The plaintiff filed suit, alleging the letter violated Section 1692e(10) of the FDCPA, which prohibits using false representation or deceptive means while attempting to collect on a debt. The defendant was accused of not obtaining a license from the New Jersey Department of Banking and Insurance as required by the New Jersey Consumer Finance Licensing Act (NJCFLA).
The defendant argued it was not subject to the NJCFLA. The law defines a “consumer loan business” as:
“Consumer loan business” means the business of making loans of money, credit, goods or things in action, which are to be used primarily for personal, family household purposes, in the amount or value of $50,000 or less and charging, contracting for, or receiving a greater rate of interest, discount or consideration therefor than the lender would permitted by law to charge if he were not licensee hereunder, except as authorized by this act and without first obtaining a license from the commissioner. Any person directly or indirectly engaging in the business of soliciting or taking applications for such loans of $50,000 or less, or in the business of negotiating or arranging or aiding the borrower or lender
in procuring or making such loans of $50,000 less, or in the business of buying, discounting or endorsing notes, or of furnishing, or procuring guarantee or security for compensation in amounts of S50,000 or less, shall be deemed be engaging the consumer loan business.

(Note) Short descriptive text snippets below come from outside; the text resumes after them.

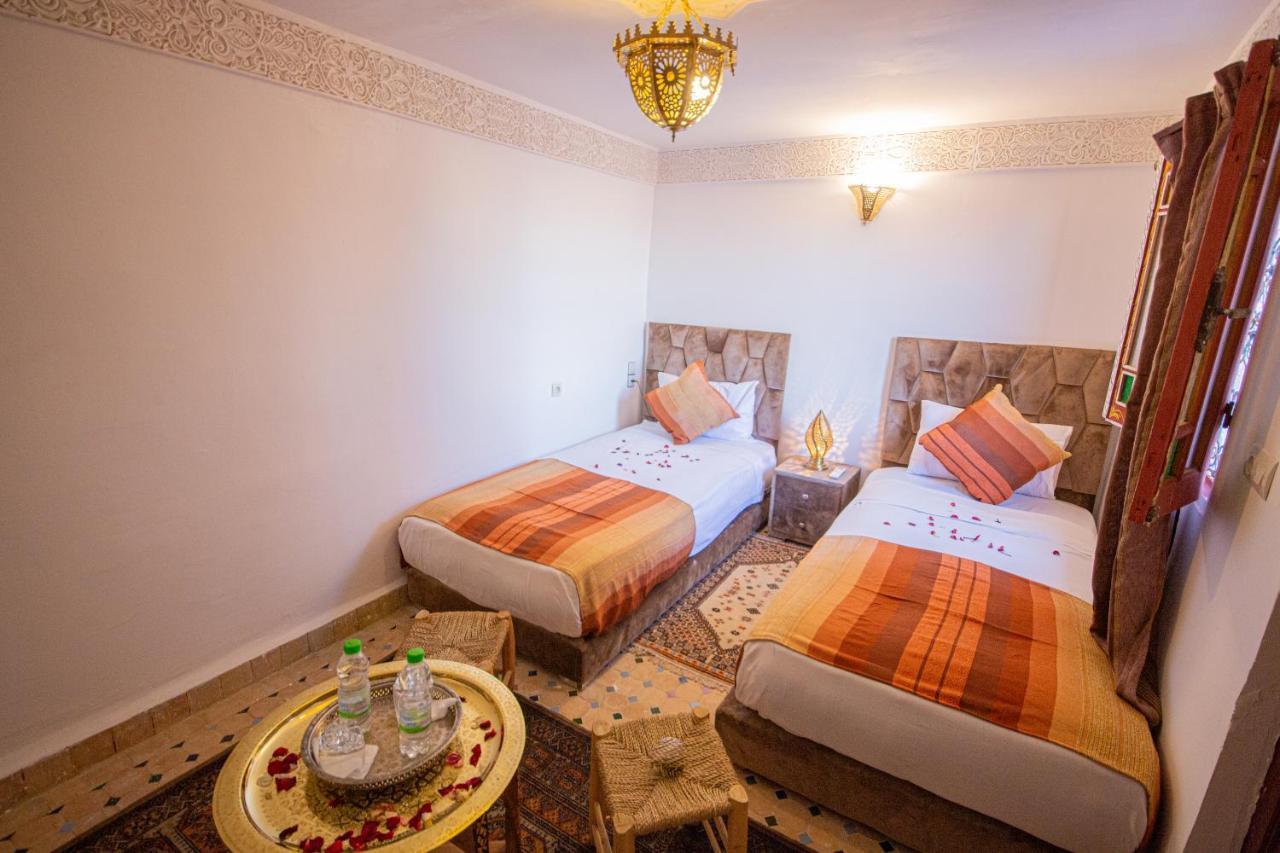 Riad Rayhana เฟส ภายนอก รูปภาพ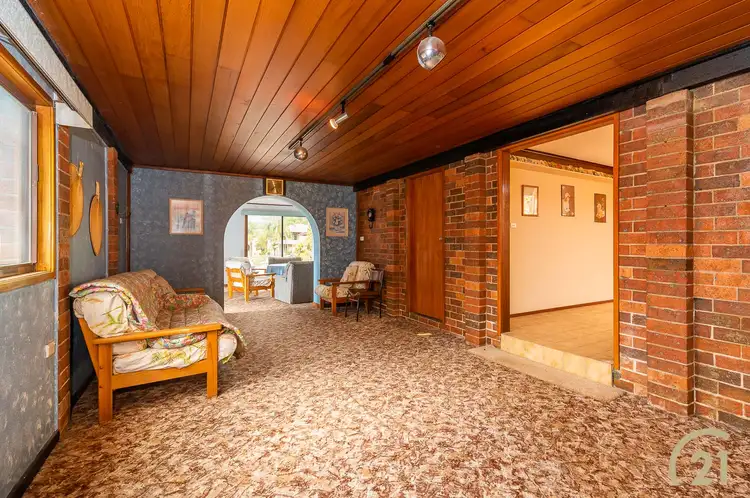 Second view of Homely house listing, 14 Bannister Place, Mount Pritchard NSW 2170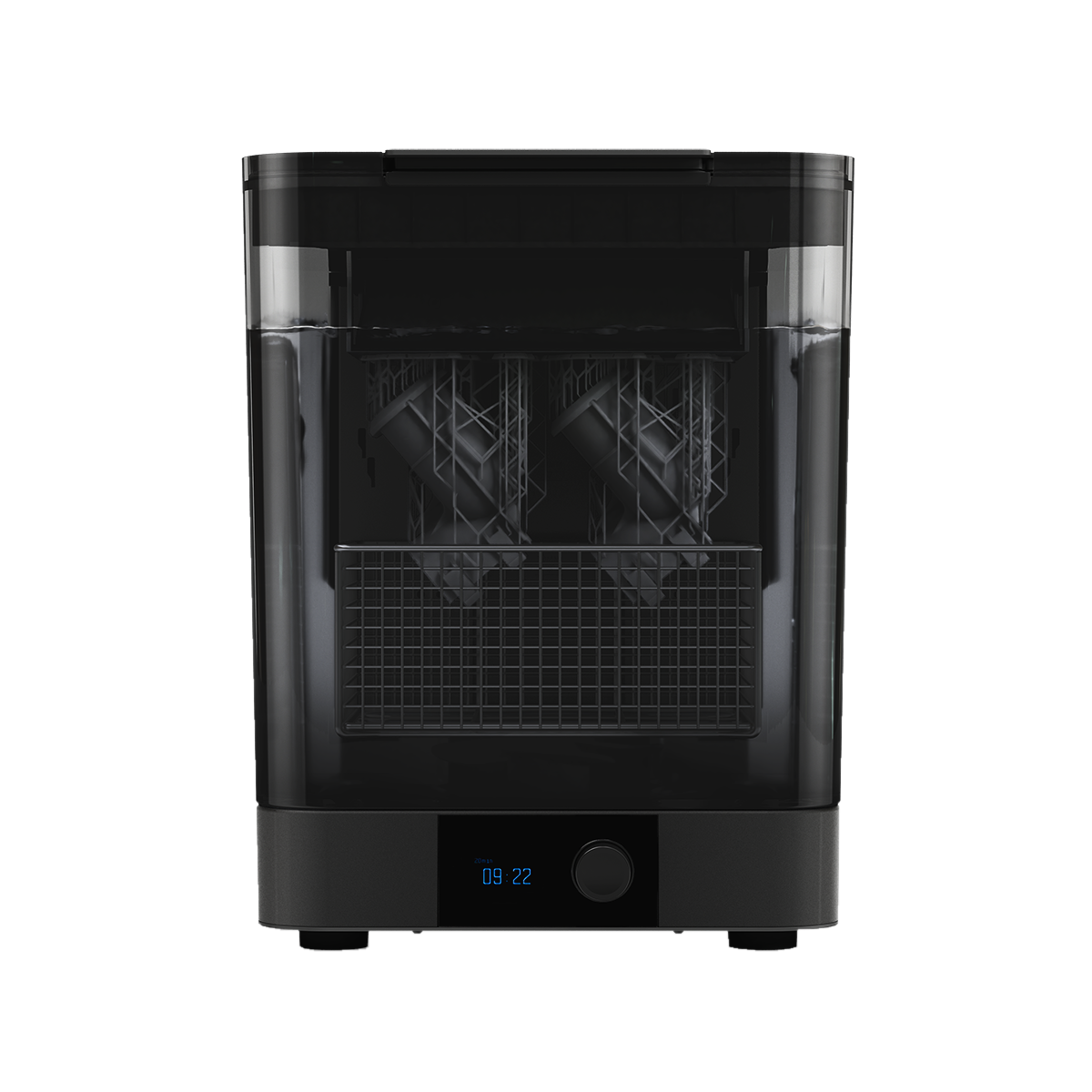 Form Wash (Generation 2)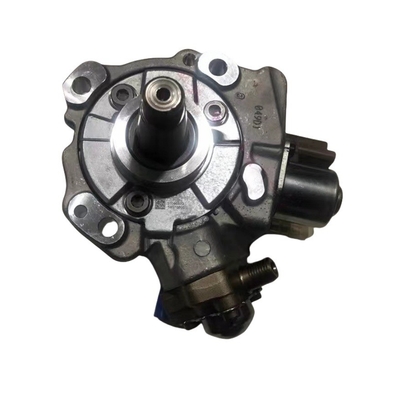 OE NO 11417610378 Motor-Ersatzteile für die Großmauer Wingle3 Wingle5 Wingle7 Haval H5 H3 Ölpumpe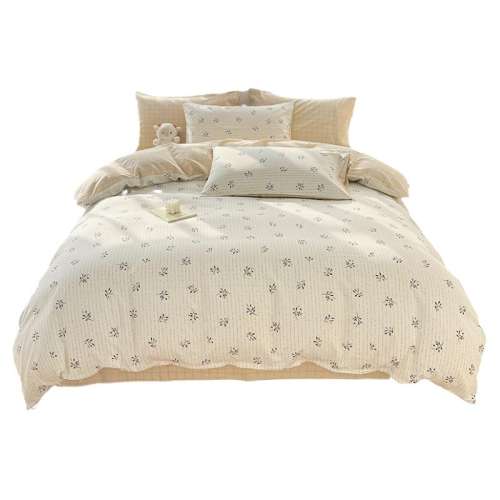 ۻ㣺150x200cmסȫ ׷ ҷ100%ȫ׷ʺ˯ ¹ȫޱ׵66.3Ԫ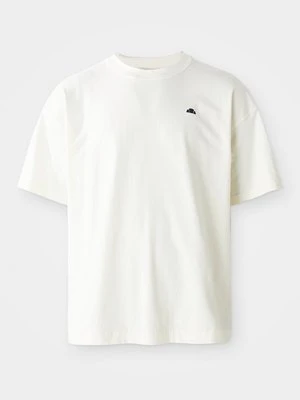 T-shirt z nadrukiem Ellesse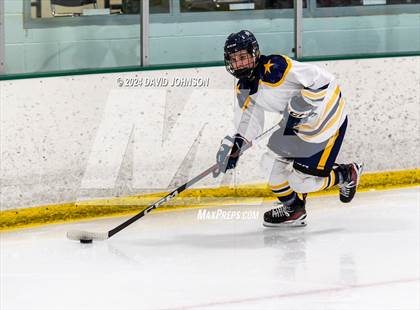 Thumbnail 3 in Monarch @ Poudre School District photogallery.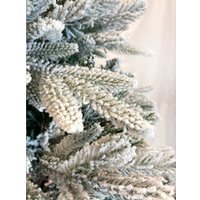 Елка GreenTerra Онтарио (2.1м)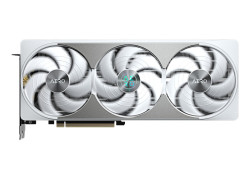 5080 Gigabyte RTX AERO OC SFF 16GB/3xDP/HDMI - Wit
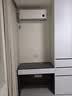 小米空调 巨省电 1.5匹挂机 一级能效 外机单排铜管 KFR-35GW/N1A1【整机免费十年包修】 实拍图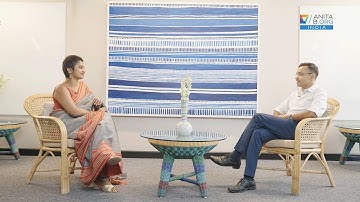 Empowering Through Tech: Disability Inclusion with Prateek Madhav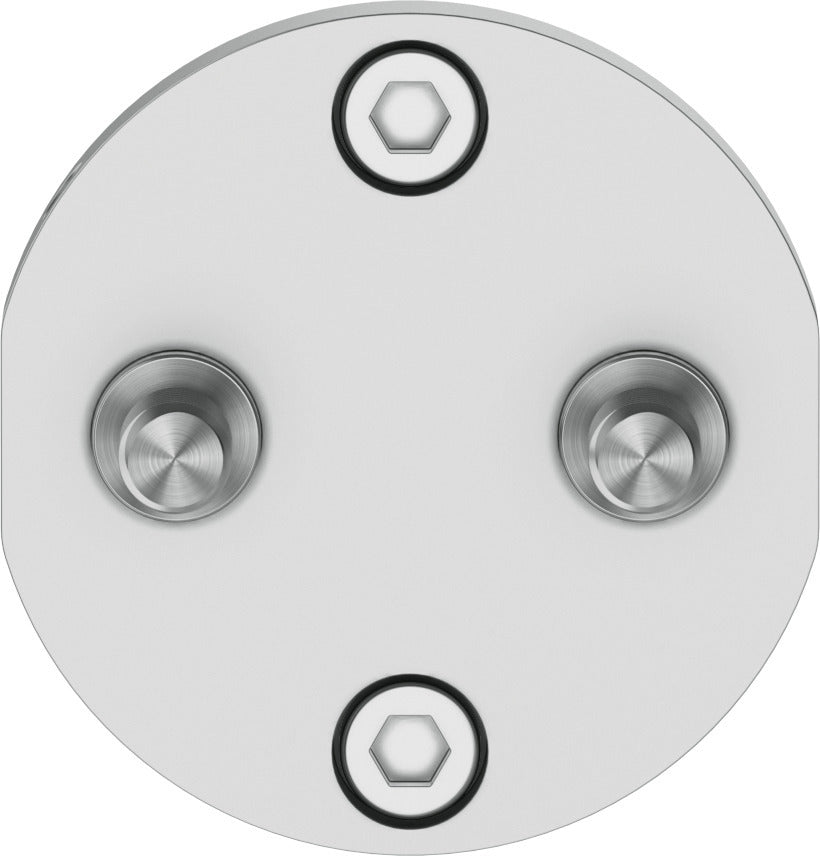 Festo Adapter Kit - 2187606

The defendant argued it was not a consumer loan business because it it did not charge an interest rate below the state’s 16% usury law limit. But the plaintiff countered that the defendant met the definition because it engaged in the buying, discounting, or endorsing notes. Other courts in New Jersey have ruled that debt collectors meet that part of the definition under the NJCFLA.
The defendant also tried to argue that it did not need a license when it sent the letter in 2018 because it was no longer purchasing debts. But the judge indicated that the license would have been required when the underlying debt was purchased.